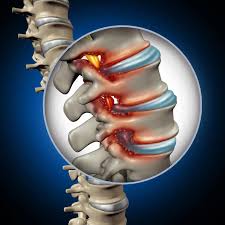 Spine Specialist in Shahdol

...

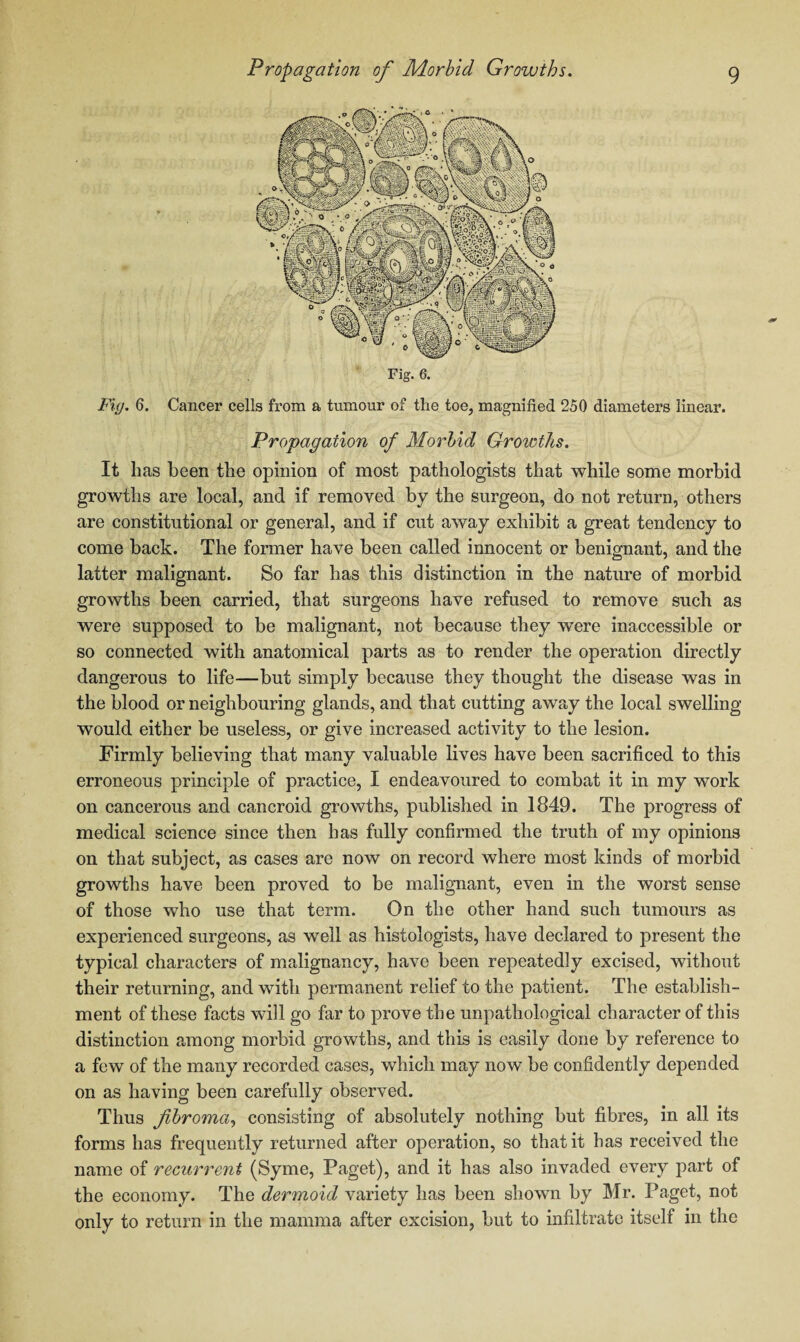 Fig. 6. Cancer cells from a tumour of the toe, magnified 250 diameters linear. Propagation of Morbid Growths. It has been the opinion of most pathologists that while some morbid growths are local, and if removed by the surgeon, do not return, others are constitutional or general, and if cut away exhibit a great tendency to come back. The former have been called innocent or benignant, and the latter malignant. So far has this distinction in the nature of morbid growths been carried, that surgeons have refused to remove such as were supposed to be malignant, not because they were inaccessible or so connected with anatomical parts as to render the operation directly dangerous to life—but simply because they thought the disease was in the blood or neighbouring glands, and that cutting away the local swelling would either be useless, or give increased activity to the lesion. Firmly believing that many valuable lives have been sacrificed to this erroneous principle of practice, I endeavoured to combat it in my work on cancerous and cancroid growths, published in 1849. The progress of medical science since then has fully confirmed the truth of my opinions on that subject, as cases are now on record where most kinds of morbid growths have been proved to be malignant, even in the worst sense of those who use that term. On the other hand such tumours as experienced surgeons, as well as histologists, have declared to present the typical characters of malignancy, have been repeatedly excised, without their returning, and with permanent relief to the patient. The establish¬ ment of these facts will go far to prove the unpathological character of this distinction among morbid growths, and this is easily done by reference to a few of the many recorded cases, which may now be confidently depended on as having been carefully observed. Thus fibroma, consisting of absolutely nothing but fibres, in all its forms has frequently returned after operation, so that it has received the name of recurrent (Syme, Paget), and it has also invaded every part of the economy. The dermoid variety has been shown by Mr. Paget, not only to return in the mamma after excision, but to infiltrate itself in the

--

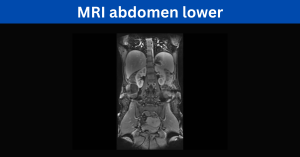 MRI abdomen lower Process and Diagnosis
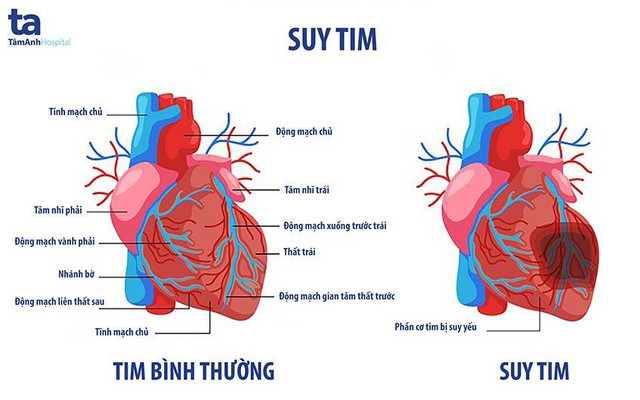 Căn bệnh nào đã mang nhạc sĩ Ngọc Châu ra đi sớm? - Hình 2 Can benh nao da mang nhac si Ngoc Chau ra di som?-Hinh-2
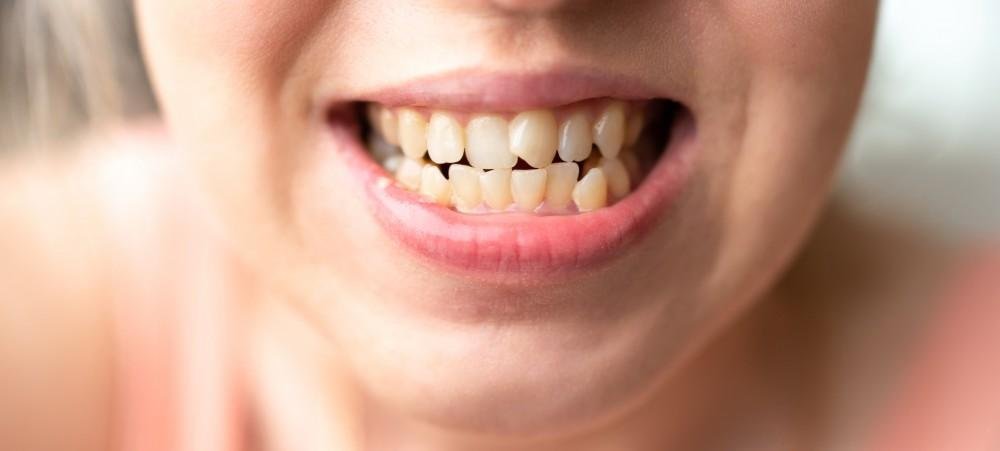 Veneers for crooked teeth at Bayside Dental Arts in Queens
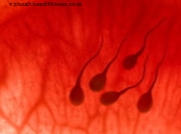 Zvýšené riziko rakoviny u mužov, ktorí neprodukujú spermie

Required action. Above are the records; restate exactly the lines from the one containing "MRI abdomen lower Process and Diagnosis" through the one containing "Zvýšené riziko rakoviny", keeping pictures out.

Answer to the problem.
 MRI abdomen lower Process and Diagnosis
 Căn bệnh nào đã mang nhạc sĩ Ngọc Châu ra đi sớm? - Hình 2 Can benh nao da mang nhac si Ngoc Chau ra di som?-Hinh-2
 Veneers for crooked teeth at Bayside Dental Arts in Queens
 Zvýšené riziko rakoviny u mužov, ktorí neprodukujú spermie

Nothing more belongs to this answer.